» Exercise details:
Transcribe all of the data exactly. Omit the pictures.

Short web captions:
·····
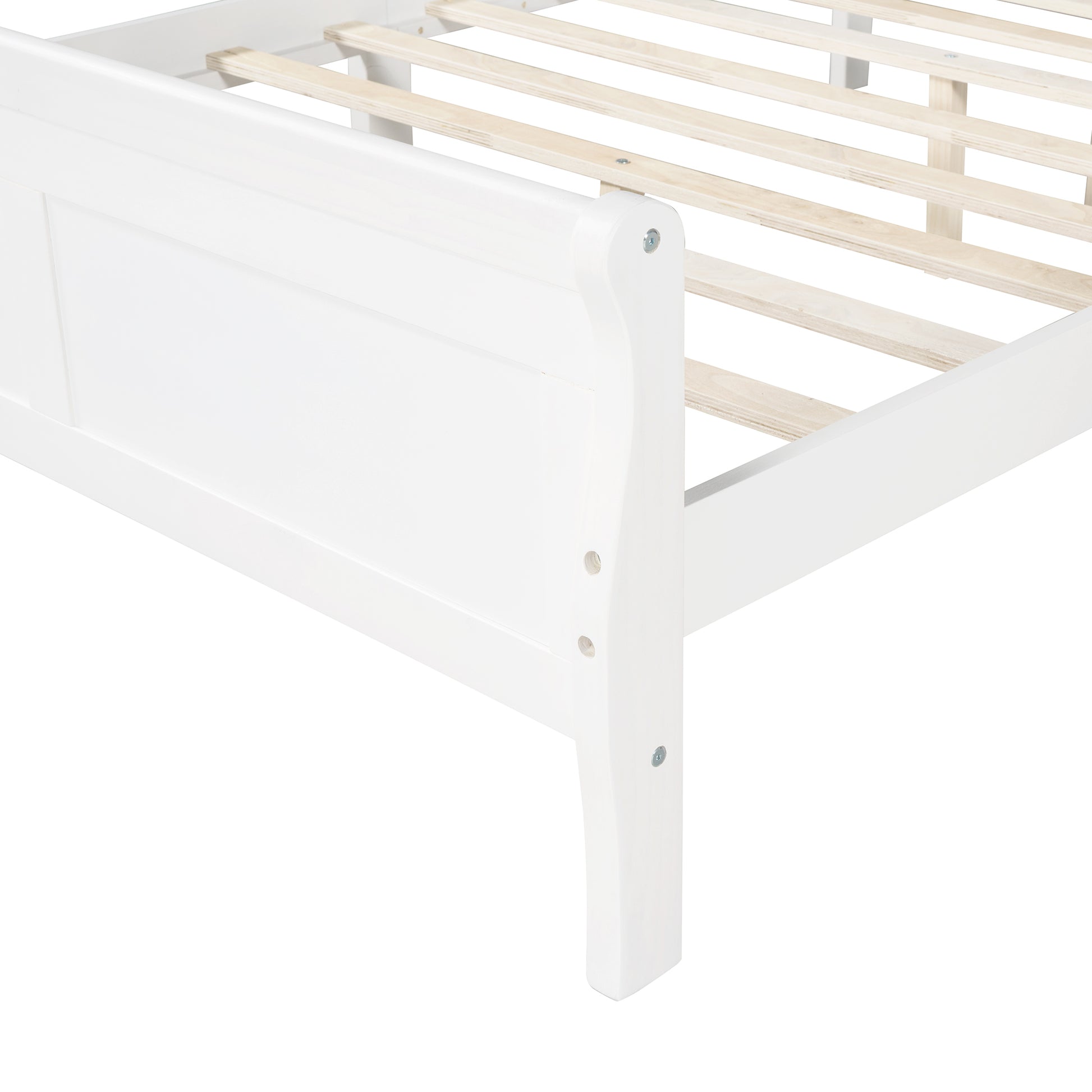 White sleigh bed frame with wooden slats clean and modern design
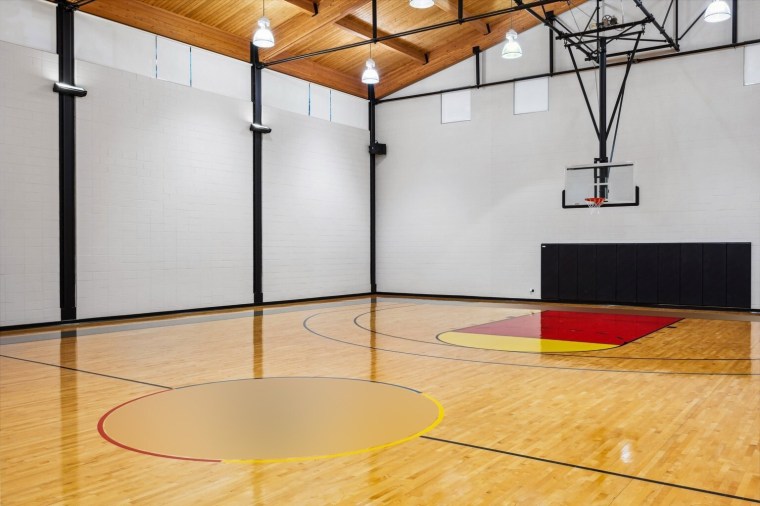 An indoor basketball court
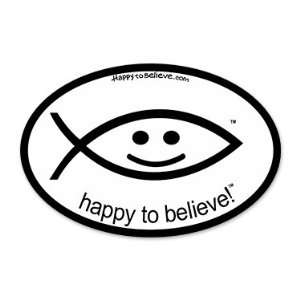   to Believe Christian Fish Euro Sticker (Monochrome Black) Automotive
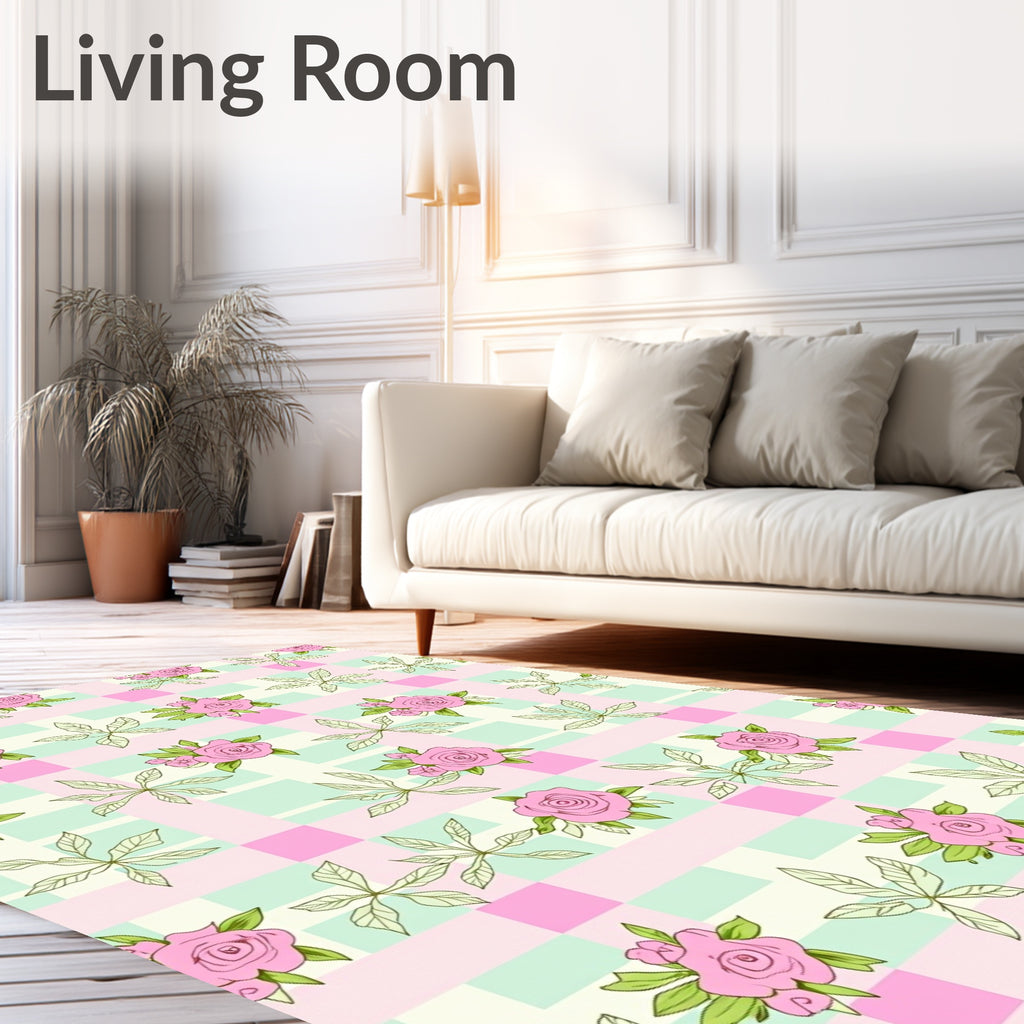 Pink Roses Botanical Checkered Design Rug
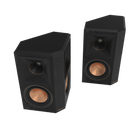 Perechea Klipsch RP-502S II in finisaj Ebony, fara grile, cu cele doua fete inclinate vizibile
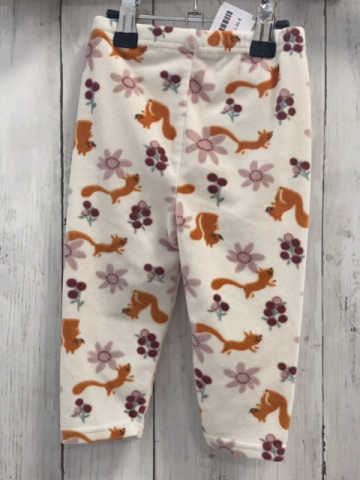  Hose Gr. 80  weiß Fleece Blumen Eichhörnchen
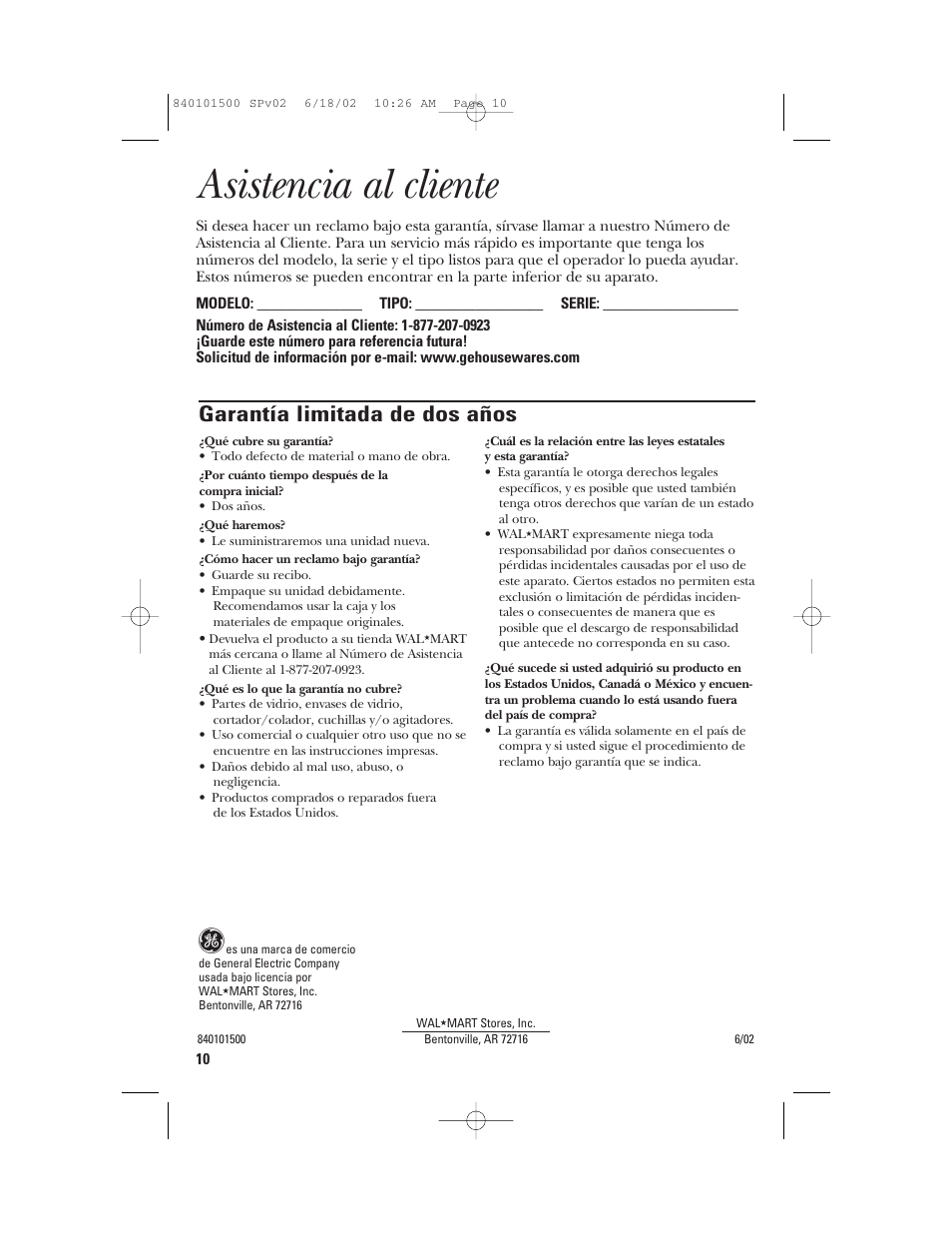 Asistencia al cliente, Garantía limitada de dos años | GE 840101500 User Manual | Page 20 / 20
·····
» Solution to the problem:
 White sleigh bed frame with wooden slats clean and modern design
 An indoor basketball court
   to Believe Christian Fish Euro Sticker (Monochrome Black) Automotive
 Pink Roses Botanical Checkered Design Rug
 Perechea Klipsch RP-502S II in finisaj Ebony, fara grile, cu cele doua fete inclinate vizibile
  Hose Gr. 80  weiß Fleece Blumen Eichhörnchen
 Asistencia al cliente, Garantía limitada de dos años | GE 840101500 User Manual | Page 20 / 20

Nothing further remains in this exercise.